Briefly describe the what you consider to be the three (3) most important things about this course.

SQL: Structured Query Language is an extremely important part of interfacing with a relational database system. By using SQL and employing the various intricacies of its syntax, (such as SELECT, JOIN, WITH, HAVING, etc.), one can execute complex queries on a database efficiently and safely. Personally, my first few days learning SQL took some effort. However, after using MongoDB's map() and reduce() functions, I can say I much prefer writing the equivalent SQL statements.

ERD: Entity relationship diagrams help visualize and design the schema of a relational database. Tables, comprised of their column names, are usually depicted as connected by arrows, commonly drawn in crows-foot notation. These connections visualize the primary and foreign keys of the tables, and how they relate the entities of the database to each other. Without entity relationship diagrams, designing and comprehending a relational database would be significantly more difficult.

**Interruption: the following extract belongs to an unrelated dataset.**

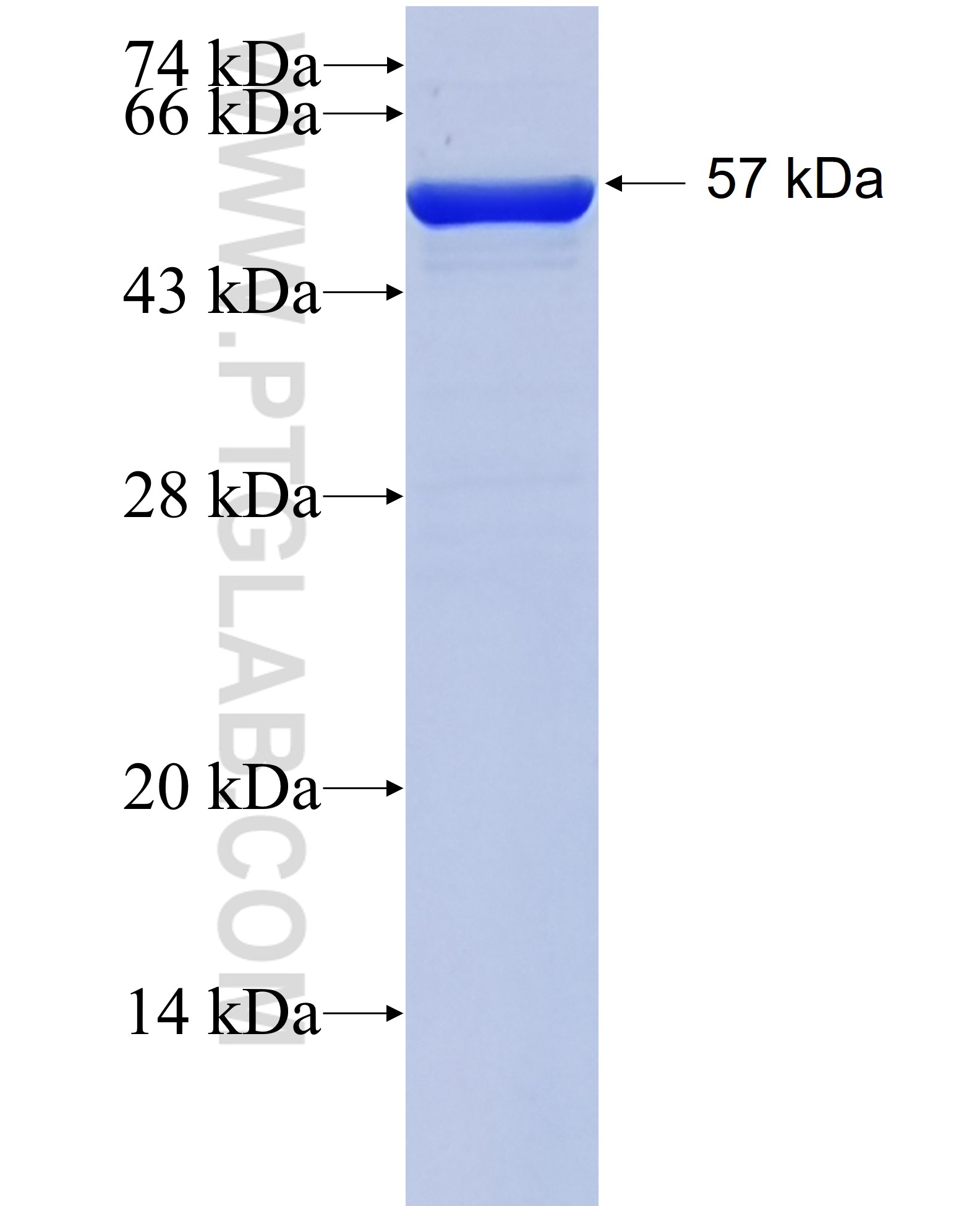 CDC34 fusion protein Ag1438 SDS-PAGE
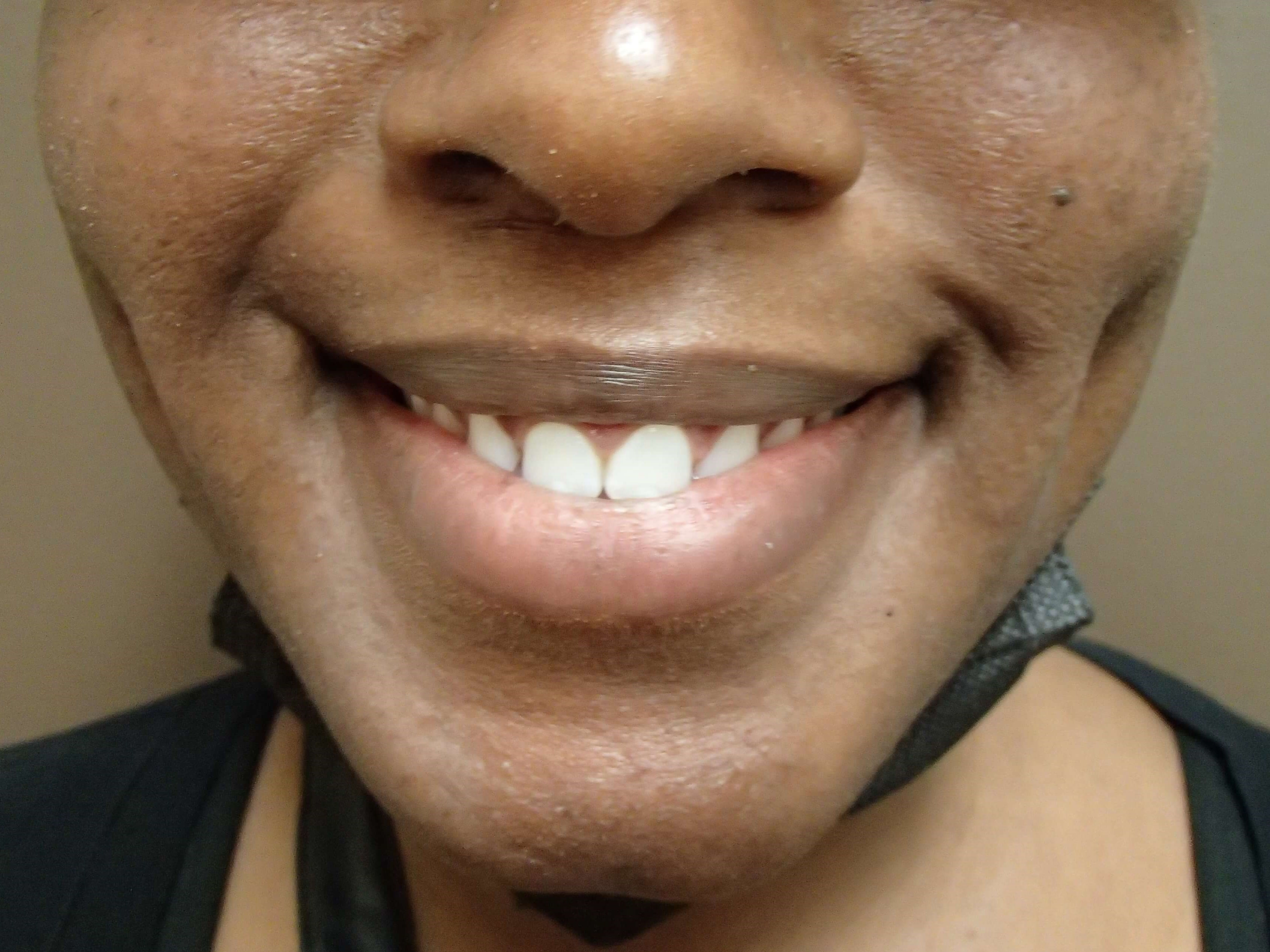 Timeless Dimple After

MongoDB: A NoSQL database implementation. Unlike relational databases, NoSQL systems have flexible schemas. This flexibility allows NoSQL systems to represent non-uniform data, which is critical in storing many common dataset types. Additionally, NoSQL systems tend to be optimized for horizontal scaling, which, in most cases, allows them to handle greater amounts of data than a comparable relational system. SQL and NoSQL databases each have their own respective benefits and drawbacks; projects need to individually determine which system best suits their end goals.

Tuesday, February 21, 2023

CST363 Week 7

In your own words what is a data warehouse and why is it important to have another copy of the data in a data warehouse?

A data warehouse is a database that copies and aggregates data from one or more operational databases to facilitate analytical operations. For example, an international electronics company with many regional branches might aggregate its local sales figures into one data warehouse to gain insights into the global operation.

It is important to maintain a separate copy of the source data for many reasons — some examples include:

  • Preventing analytical operations from impacting the function of the operational database(s).
  • Allowing the data to be transformed during the ETL process to further facilitate the desired analysis.
  • Storing a primarily read-only dataset to keep a historical archive of important records.